## Required action:
Starting with the first line of the listing, quote each line exactly until and including the one with "Let's go to", leaving pictures out.
____ Data provided
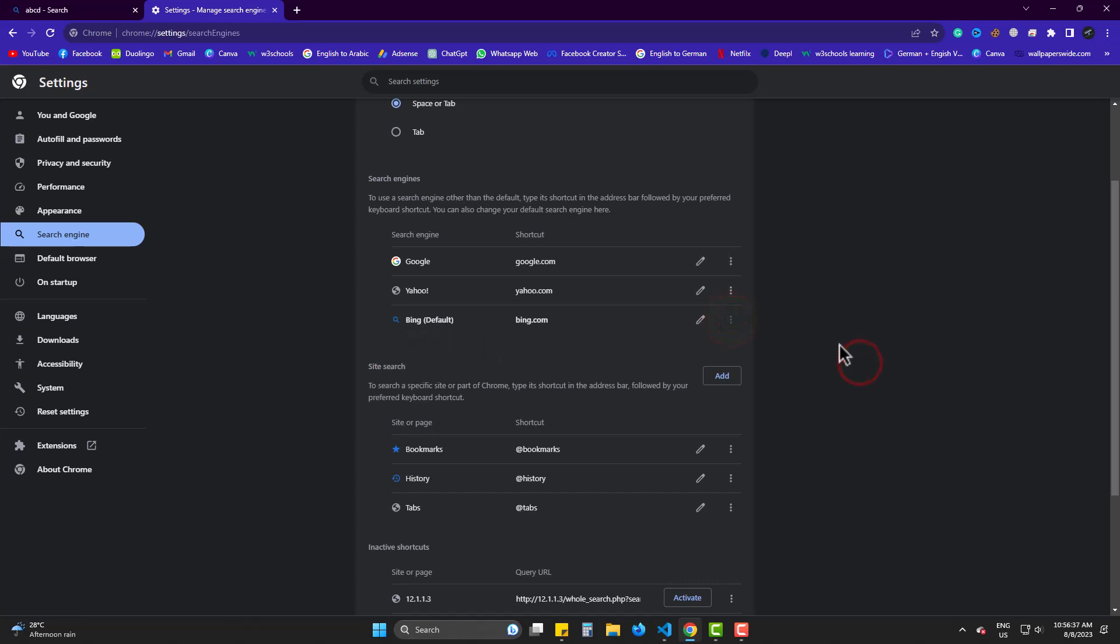So, go to Google and make it default. And now you can delete Bing from the list.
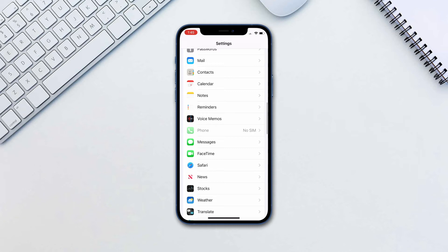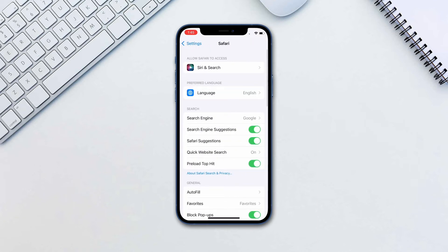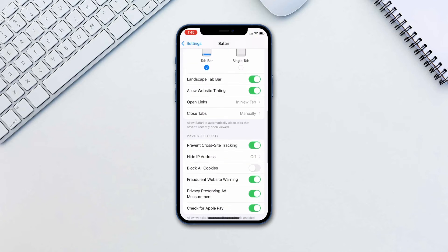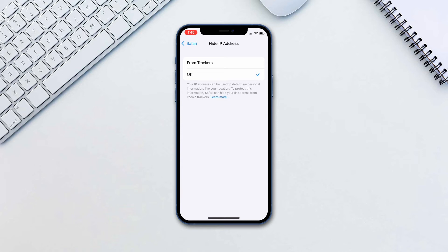Let's go to Settings, Safari, scroll down to Hide IP Addresses, and enable from trackers.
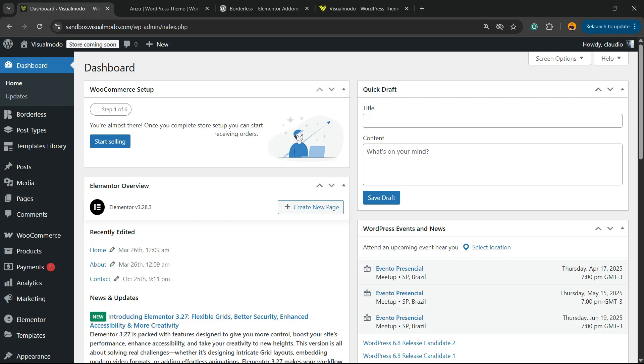Hi guys, here is Claudio from Visual Model WordPress themes, and in today's video you're going to learn how to disable the author archives page in our WordPress website for free in a simple, fast, and effective method. But before I continue, please take a moment to hit the subscribe button, like this video, and share this content with a friend of yours.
________
## Response area:
So, go to Google and make it default. And now you can delete Bing from the list.
Let's go to Settings, Safari, scroll down to Hide IP Addresses, and enable from trackers.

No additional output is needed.